Collected data
----

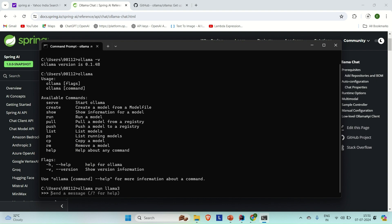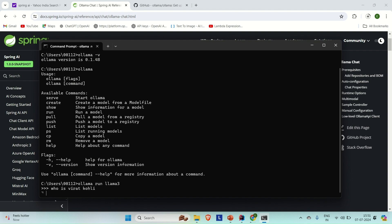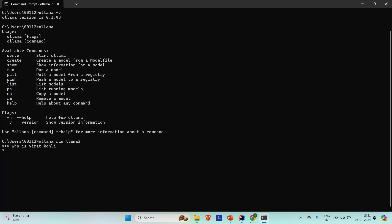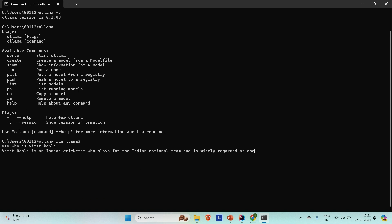Once downloaded, you will see a 'send a message' prompt. Let's send a message — for example, 'who is Virat Kohli?' You can see it started generating a response: Virat Kohli is an Indian cricketer who plays for the Indian national team and is widely regarded as one of the best batsmen in the world. The model generates a response according to the prompt you sent.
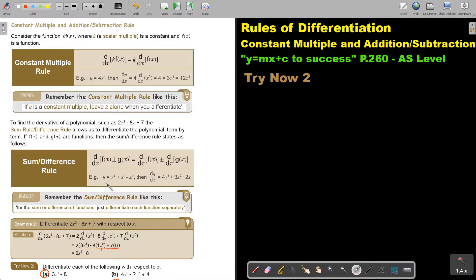Let's look at an example. This example has three terms. I'm just going to differentiate each one: bring down the exponent and subtract one, giving 4x to the power three. The next term gives 3x squared, and the last term gives negative 2x. That will be the answer.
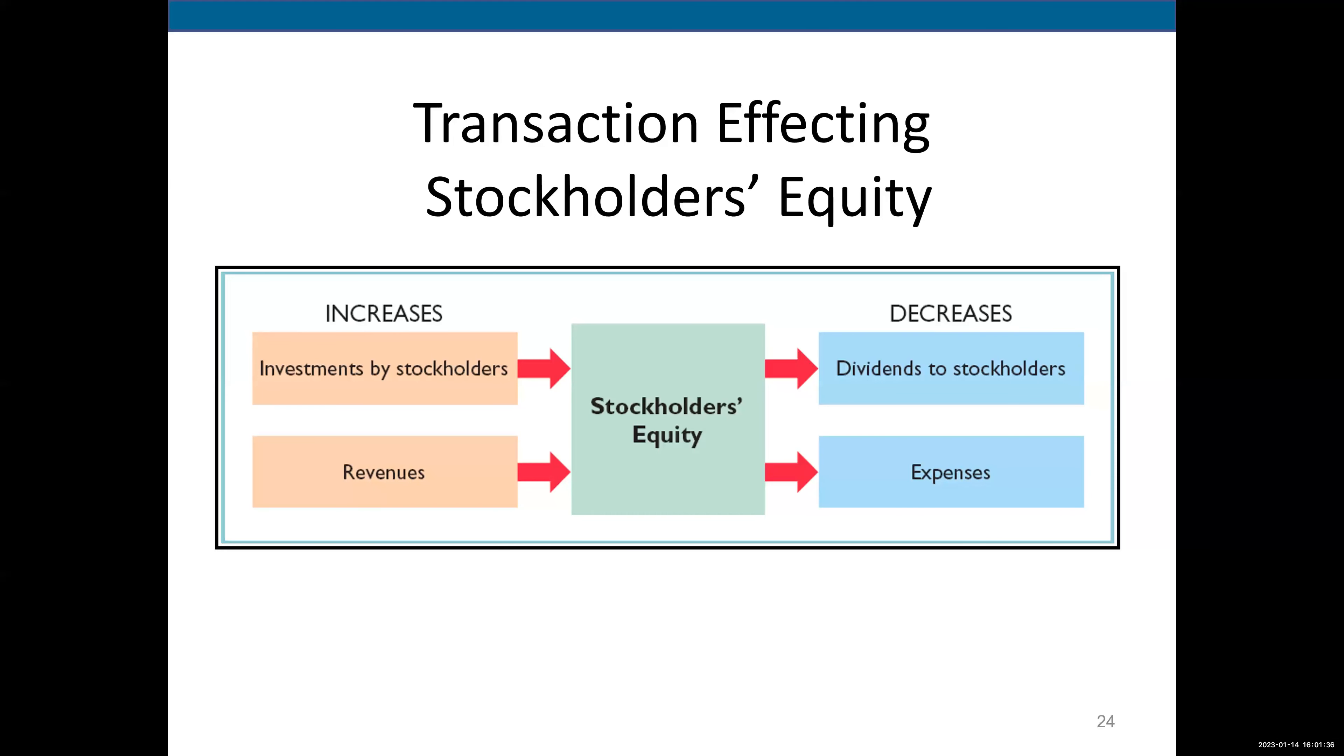Hello, everyone. This video is about stockholders' equity. There are four items that affect stockholders' equity. I'll start with the bottom two: revenues and expenses. Revenues are good—they increase stockholders' equity. Expenses are bad—they decrease stockholders' equity.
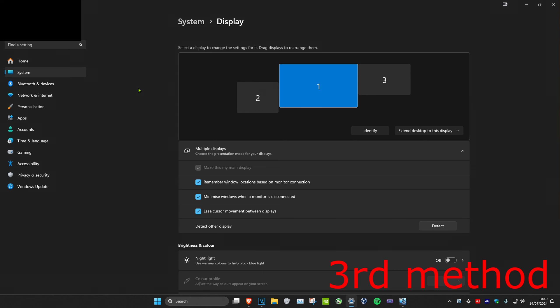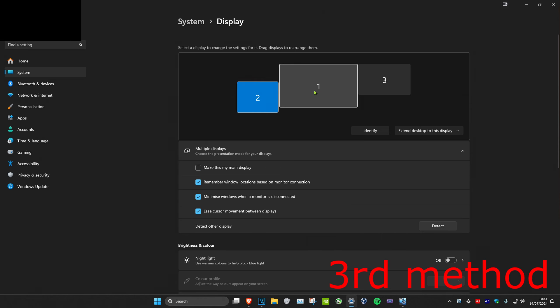Now once you're on this, you want to make sure that the monitor that you want the game on has been set as your main display. So you want to click on your monitor and then you want to tick make this my main display.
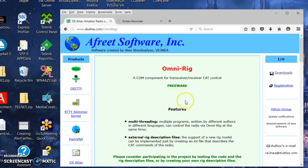OmniRig is a little program, like a driver for radio interfacing that sits between Logic or most any other ham radio program on the market today. TRX Manager and most of the contesting software supports it.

----

TRY IT = Only the lines from the one containing "Hello, everyone. This" through the end of the records should be copied, exactly and with both ends included; the pictures should not.

EXERCISE SOLUTION =
Hello, everyone. This video is about stockholders' equity. There are four items that affect stockholders' equity. I'll start with the bottom two: revenues and expenses. Revenues are good—they increase stockholders' equity. Expenses are bad—they decrease stockholders' equity.
Now once you're on this, you want to make sure that the monitor that you want the game on has been set as your main display. So you want to click on your monitor and then you want to tick make this my main display.
OmniRig is a little program, like a driver for radio interfacing that sits between Logic or most any other ham radio program on the market today. TRX Manager and most of the contesting software supports it.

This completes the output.